Javier Risco.
Miles de
personas aún duermen en los albergues. Son a los que no les ha quedado nada, no
tienen ni siquiera un patio para cuidar los trastes rotos, las fotos familiares
o los libros heredados. Algunos viajan con maletas grandes, otros se cubren con
ropa regalada, todos huelen distinto. La gran mayoría agradece haber
sobrevivido, sin embargo, todos viven con angustia. Los que habitan un lugar
que no es suyo coinciden en que dormir, hablar, mirar, caminar, sonreír y
llorar [no será como antes]. Saben que no hay retorno a sus viejas paredes y
que es doloroso.
La gente no
ha dejado de ayudar, acude a los albergues con cobijas, almohadas, juegos de
mesa, libros, tratan de dar un poco para gente que tiene casi nada. También
llegan cajas llenas de sopa instantánea, atún, frijoles en lata, tortillas,
tortas preparadas, sándwiches y garrafones de agua. Mientras esto sucede leen en los periódicos y escuchan en las noticias
que “se está trabajando en una reconstrucción”. El gobierno promete darles
apoyos, que a todas luces ofrecen un futuro indigno. No es suficiente.
¿Pero qué
significa dormir en un cuarto con 150 personas? ¿Podemos imaginárnoslo?

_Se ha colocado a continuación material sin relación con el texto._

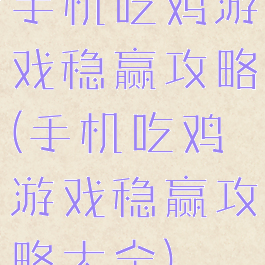 手机吃鸡游戏稳赢攻略(手机吃鸡游戏稳赢攻略大全)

Significa que las fotos escondidas en el cajón de los calcetines nunca más las
tendrán entre sus manos; que la plática matutina con el vecino que salía a la
misma hora, no se repetirá; que el cd rayado que compraron en la universidad no
volverá a escucharse.
Nadie
regresará a acostarse un sábado por la tarde en ese sillón que significa mucho,
porque fue el primer mueble que compraste cuando dejaste la casa de tus padres,
ni podrás brindar en las copas de cristal que tardaste seis meses en pagar a
crédito. Las paredes que se pierden se llevan los objetos que son testigos de
nuestra vida día a día y que a la 1:14 pm cambió para siempre.

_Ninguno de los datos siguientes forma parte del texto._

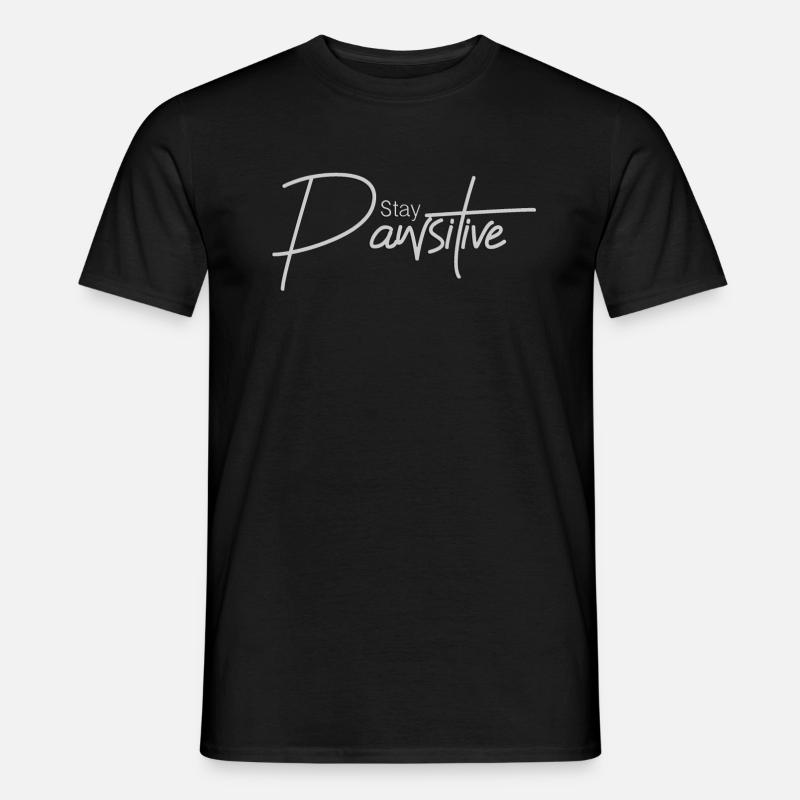 StayPawsitive - Männer T-Shirt - Schwarz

Con el derrumbe no sólo se pierden
los espacios, también se caen las dinámicas de vida que habías construido a lo
largo de los años. ¿Cómo reconstruir eso?
El viernes,
en el programa, Así las Cosas, de W Radio, hablamos con la doctora Miriam
Bertrán, profesora de la UAM Xochimilco, encargada del Programa Alimentación y
Cultura, y nos dio la primera clave para la reconstrucción interna, esa que no
tiene que ver con cemento, varillas ni decretos de gobierno, sino con la
memoria, con los recuerdos en escombros.
La ayuda no es sólo llevar sándwiches
y tortas en los albergues, en los que más de mil desplazados tendrán que
esperar ese plan de reconstrucción, sino regresarles un poco de su vida.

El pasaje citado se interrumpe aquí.